• **EXERCISE**
Return all of the listing word for word; the pictures stay out.

[INFORMATION SUPPLIED]

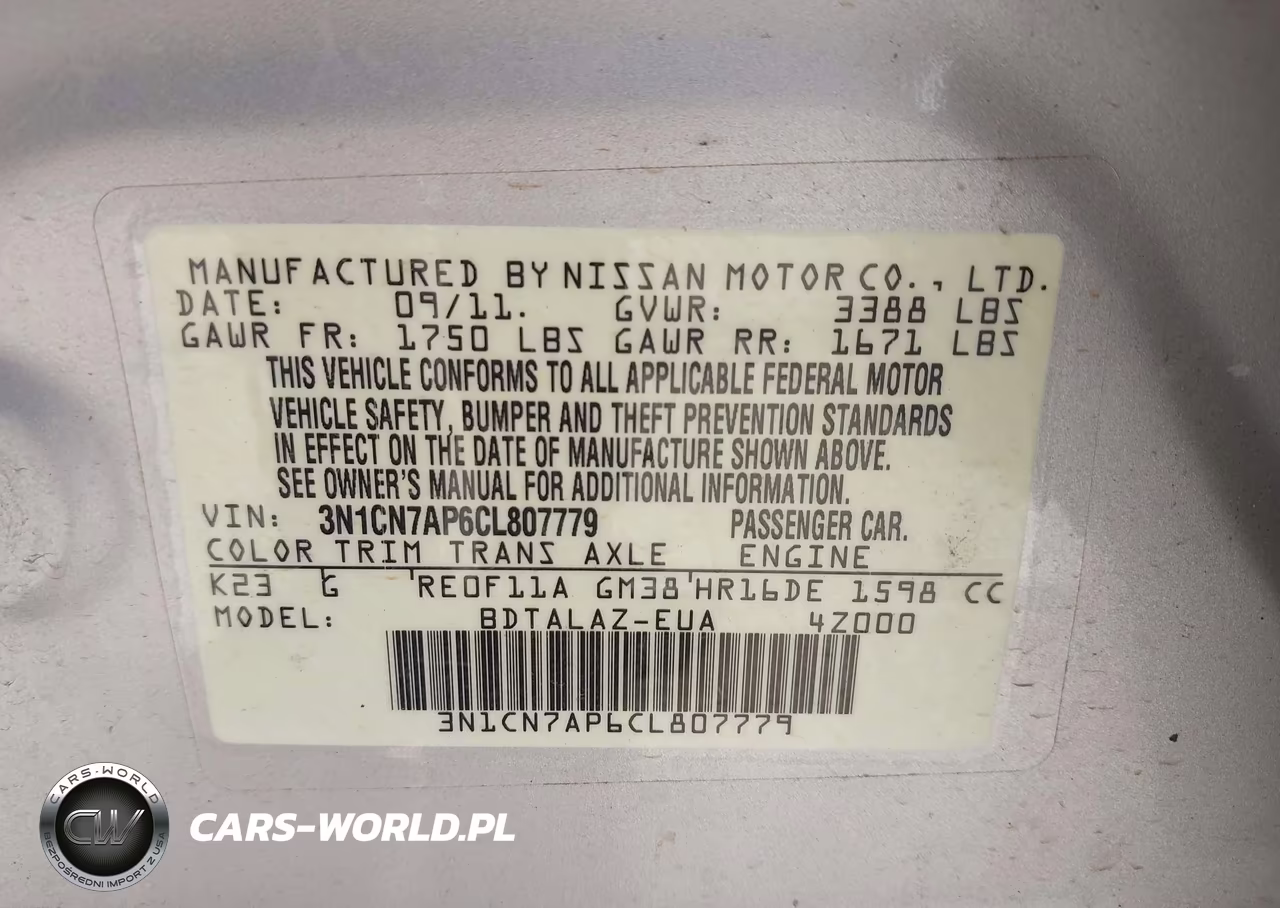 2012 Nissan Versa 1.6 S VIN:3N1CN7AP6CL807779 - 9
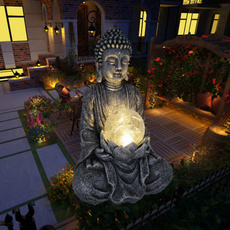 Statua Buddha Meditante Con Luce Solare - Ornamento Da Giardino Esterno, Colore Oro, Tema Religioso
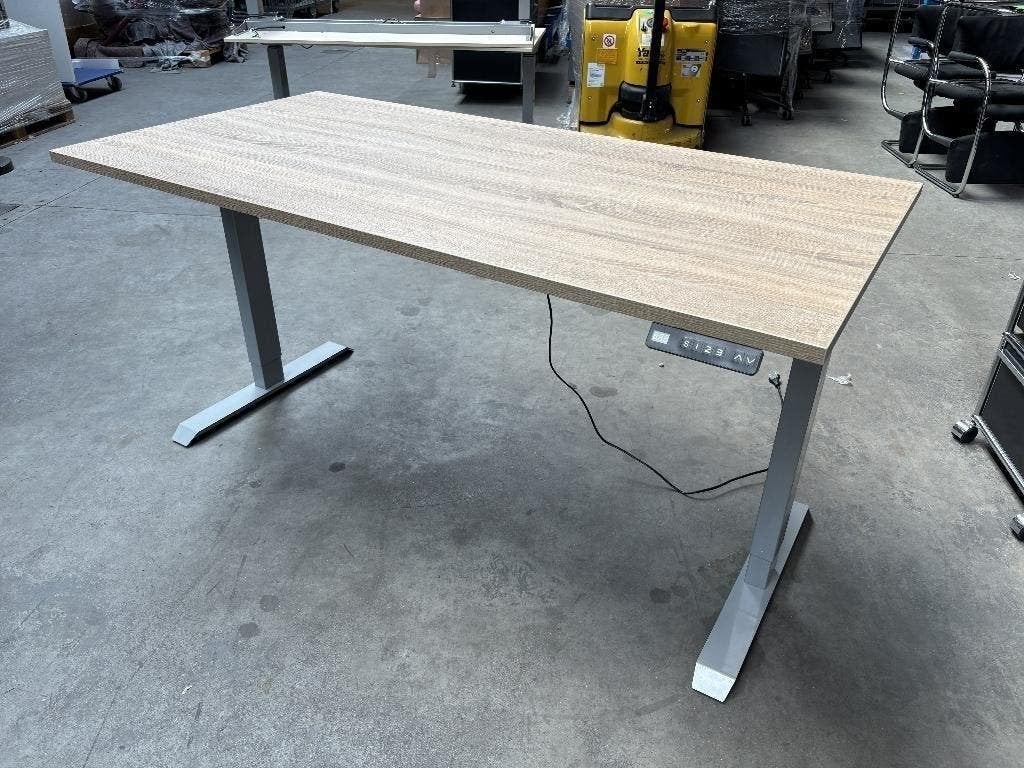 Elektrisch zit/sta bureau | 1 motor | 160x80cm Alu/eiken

[/INFORMATION SUPPLIED]

• **OUTPUT FOR THIS EXERCISE**
 2012 Nissan Versa 1.6 S VIN:3N1CN7AP6CL807779 - 9
 Statua Buddha Meditante Con Luce Solare - Ornamento Da Giardino Esterno, Colore Oro, Tema Religioso
 Elektrisch zit/sta bureau | 1 motor | 160x80cm Alu/eiken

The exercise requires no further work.